Unter dem Flicker-Effekt versteht man – laut Internationalem Elektrischen Wörterbuch – den subjektiven Eindruck einer Instabilität der visuellen Wahrnehmung, hervorgerufen durch einen Lichtreiz, dessen Leuchtdichte oder Spektralverteilung mit der Zeit schwankt.
Das Flicker-Phänomen dient auch dem Künstler Carsten Nicolai als Ausgangspunkt für seine Installation „rota“, mit welcher der neue Projektraum der Schering-Stiftung eröffnet wird.

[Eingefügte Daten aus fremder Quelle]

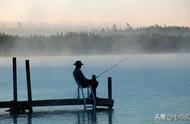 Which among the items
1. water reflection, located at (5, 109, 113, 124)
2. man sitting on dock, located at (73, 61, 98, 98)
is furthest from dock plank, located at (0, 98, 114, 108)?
man sitting on dock, located at (73, 61, 98, 98)

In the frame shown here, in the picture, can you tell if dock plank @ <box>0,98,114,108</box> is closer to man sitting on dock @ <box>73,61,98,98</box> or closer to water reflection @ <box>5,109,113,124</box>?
water reflection @ <box>5,109,113,124</box>

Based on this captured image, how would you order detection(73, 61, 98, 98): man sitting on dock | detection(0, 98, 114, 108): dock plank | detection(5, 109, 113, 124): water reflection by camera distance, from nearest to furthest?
detection(5, 109, 113, 124): water reflection, detection(73, 61, 98, 98): man sitting on dock, detection(0, 98, 114, 108): dock plank

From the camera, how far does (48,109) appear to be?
24828 millimetres

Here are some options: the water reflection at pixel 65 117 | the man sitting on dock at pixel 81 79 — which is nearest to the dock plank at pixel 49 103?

In der Mitte des Raumes rotiert unentwegt ein Zylinder um seine eigene Achse. Durch wabenförmige Perforationen an der Oberfläche strahlt kaltes Licht aus seinem Innern, was aufgrund der Rotation eine stroboskopische Wirkung erzeugt. Je nach Geschwindigkeit der Umdrehung entstehen dabei verschiedene Frequenzen flickernder Lichtimpulse.
Dass dieser pyhsikalische Effekt kulturell und künstlerisch adaptiert wird, ist nicht neu.
Bereits Ende der 1950er Jahre entwarfen die Beatnik-Künstler Brion Gysin und Ian Sommerville die sogenannte „Dreammachine“ - eine Apparatur die mit eben jenem Stroboskopeffekt spielt und dabei – meist in Verbindung mit Drogen – dessen bewusstseinserweiternde Wirkung auf die menschliche Psyche austestet.

Nicolai will den Projektraum der Stiftung jedoch keineswegs in eine psychedelische Hypnosekammer verwandeln, in der die Besucher reihenweise in Trancezustände verfallen.
Vielmehr scheint es ihm zunächst um eine nüchtern wissenschaftliche und experimentelle Erforschung dieses Effekts zu gehen. An einer Wand hängt eine Tabelle, die in objektiv-mathematischer Manier die jeweiligen Wirkungen bei unterschiedlicher Frequenz auflistet. Frequenzband delta mit einer Frequenz von 0,5 - 4,0 Hz kann den Menschen in einen Zustand des Tiefschlafes versetzen, während Frequenzband gamma mit 38 - 70 Hz etwa Erregtheit und Hyperaktivität hervorrufen kann. Dazwischen liegen Hypnose, Kreativität, Hektik, Stress oder sprunghafte Gedankenführung.
Welcher Besucher verspürt da nicht ein leichtes Unbehagen, wenn ihn die Schering-Stiftung in dieses experimentelle Versuchslabor einlädt, in dem der Rotations-Takt des Apparates scheinbar die eigene Gehirntaktung beeinflusst oder gar übernimmt?

In der Tat steht man bisweilen wie hypnotisiert vor diesem Apparat, der neben kühler Wissenschaftlichkeit etwas zutiefst Romantisches verströmt. Bei langsamer Umdrehung tanzen weiße Lichtflecken an den Wänden – wie Lichtreflexe von einer Discokugel. So ganz fehlgeleitet kann diese Analogie nicht sein, wenn man an Carsten Nicolais Experimente im Bereich der elektronischen Musik denkt, die er unter dem Pseudonym „alva noto“ realisiert.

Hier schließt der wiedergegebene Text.